YOUR OBJECTIVE: Only the lines from the top of the data through the line with "Understanding 'Keep It" should be repeated, each exactly as written.

(Beginning of MATERIAL SHOWN)

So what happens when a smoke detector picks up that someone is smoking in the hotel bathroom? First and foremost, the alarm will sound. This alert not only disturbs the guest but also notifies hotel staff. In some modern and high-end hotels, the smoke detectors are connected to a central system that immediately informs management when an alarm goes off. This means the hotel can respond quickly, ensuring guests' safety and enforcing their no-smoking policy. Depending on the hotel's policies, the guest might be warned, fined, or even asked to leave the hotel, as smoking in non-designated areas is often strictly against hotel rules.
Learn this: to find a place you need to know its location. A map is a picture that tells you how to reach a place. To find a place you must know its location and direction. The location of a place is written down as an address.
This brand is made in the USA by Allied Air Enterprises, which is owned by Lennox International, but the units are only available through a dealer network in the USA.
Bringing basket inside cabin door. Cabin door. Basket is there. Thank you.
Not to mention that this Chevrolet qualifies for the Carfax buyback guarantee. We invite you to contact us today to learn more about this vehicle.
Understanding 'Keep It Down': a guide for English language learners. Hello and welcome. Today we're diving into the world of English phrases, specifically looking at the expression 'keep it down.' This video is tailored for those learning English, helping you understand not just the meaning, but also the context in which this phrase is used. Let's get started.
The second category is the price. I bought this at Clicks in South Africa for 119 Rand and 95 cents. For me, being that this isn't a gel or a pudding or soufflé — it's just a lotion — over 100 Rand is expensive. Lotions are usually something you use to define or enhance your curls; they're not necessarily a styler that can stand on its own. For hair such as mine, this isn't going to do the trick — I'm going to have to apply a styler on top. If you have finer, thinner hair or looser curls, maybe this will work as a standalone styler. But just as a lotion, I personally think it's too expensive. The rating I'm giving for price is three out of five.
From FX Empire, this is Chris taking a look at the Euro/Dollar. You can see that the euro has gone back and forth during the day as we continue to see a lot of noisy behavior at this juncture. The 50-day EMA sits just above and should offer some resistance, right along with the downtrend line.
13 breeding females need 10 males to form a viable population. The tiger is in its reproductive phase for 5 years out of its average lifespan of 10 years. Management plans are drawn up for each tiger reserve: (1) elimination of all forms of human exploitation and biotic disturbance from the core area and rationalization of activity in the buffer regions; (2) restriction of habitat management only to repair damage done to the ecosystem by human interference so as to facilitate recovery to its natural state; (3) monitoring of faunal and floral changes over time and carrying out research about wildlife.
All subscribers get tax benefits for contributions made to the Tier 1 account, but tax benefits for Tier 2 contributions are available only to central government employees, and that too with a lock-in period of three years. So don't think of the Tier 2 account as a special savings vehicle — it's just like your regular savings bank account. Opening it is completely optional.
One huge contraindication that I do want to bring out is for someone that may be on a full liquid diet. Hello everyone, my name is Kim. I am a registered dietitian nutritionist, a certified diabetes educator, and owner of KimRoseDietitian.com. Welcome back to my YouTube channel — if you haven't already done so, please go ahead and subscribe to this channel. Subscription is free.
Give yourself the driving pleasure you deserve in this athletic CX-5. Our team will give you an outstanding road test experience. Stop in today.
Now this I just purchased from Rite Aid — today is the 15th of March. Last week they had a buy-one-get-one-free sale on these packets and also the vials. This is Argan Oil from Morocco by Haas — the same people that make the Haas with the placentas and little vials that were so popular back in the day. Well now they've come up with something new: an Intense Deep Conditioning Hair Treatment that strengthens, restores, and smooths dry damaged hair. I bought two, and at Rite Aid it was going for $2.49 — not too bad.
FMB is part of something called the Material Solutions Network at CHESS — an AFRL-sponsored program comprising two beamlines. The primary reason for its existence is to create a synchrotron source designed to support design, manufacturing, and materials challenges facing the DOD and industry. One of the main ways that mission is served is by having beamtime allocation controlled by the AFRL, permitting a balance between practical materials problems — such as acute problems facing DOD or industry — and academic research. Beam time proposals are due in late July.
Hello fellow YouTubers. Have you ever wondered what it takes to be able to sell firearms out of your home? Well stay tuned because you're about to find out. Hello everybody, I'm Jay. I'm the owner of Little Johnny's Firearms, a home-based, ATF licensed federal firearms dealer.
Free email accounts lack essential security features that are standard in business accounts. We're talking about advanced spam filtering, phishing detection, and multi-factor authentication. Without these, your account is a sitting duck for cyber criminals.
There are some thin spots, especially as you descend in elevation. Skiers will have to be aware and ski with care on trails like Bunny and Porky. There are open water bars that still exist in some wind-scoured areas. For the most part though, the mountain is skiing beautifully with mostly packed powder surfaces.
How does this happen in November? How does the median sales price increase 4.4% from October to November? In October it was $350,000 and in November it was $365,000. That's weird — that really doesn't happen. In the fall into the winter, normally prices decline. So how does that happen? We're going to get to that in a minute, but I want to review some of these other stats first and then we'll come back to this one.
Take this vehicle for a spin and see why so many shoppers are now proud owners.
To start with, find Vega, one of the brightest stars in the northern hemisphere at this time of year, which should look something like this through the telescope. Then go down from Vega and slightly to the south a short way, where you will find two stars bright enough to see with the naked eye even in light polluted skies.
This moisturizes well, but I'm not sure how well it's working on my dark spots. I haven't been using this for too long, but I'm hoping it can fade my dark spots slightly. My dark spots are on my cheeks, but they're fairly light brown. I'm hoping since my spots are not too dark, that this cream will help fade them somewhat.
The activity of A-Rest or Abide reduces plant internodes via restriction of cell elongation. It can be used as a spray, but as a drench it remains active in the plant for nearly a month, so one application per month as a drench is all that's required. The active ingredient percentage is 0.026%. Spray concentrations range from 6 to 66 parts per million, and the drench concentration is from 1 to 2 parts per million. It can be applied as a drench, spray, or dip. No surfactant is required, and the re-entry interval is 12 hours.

(End of MATERIAL SHOWN)

TASK OUTPUT:
So what happens when a smoke detector picks up that someone is smoking in the hotel bathroom? First and foremost, the alarm will sound. This alert not only disturbs the guest but also notifies hotel staff. In some modern and high-end hotels, the smoke detectors are connected to a central system that immediately informs management when an alarm goes off. This means the hotel can respond quickly, ensuring guests' safety and enforcing their no-smoking policy. Depending on the hotel's policies, the guest might be warned, fined, or even asked to leave the hotel, as smoking in non-designated areas is often strictly against hotel rules.
Learn this: to find a place you need to know its location. A map is a picture that tells you how to reach a place. To find a place you must know its location and direction. The location of a place is written down as an address.
This brand is made in the USA by Allied Air Enterprises, which is owned by Lennox International, but the units are only available through a dealer network in the USA.
Bringing basket inside cabin door. Cabin door. Basket is there. Thank you.
Not to mention that this Chevrolet qualifies for the Carfax buyback guarantee. We invite you to contact us today to learn more about this vehicle.
Understanding 'Keep It Down': a guide for English language learners. Hello and welcome. Today we're diving into the world of English phrases, specifically looking at the expression 'keep it down.' This video is tailored for those learning English, helping you understand not just the meaning, but also the context in which this phrase is used. Let's get started.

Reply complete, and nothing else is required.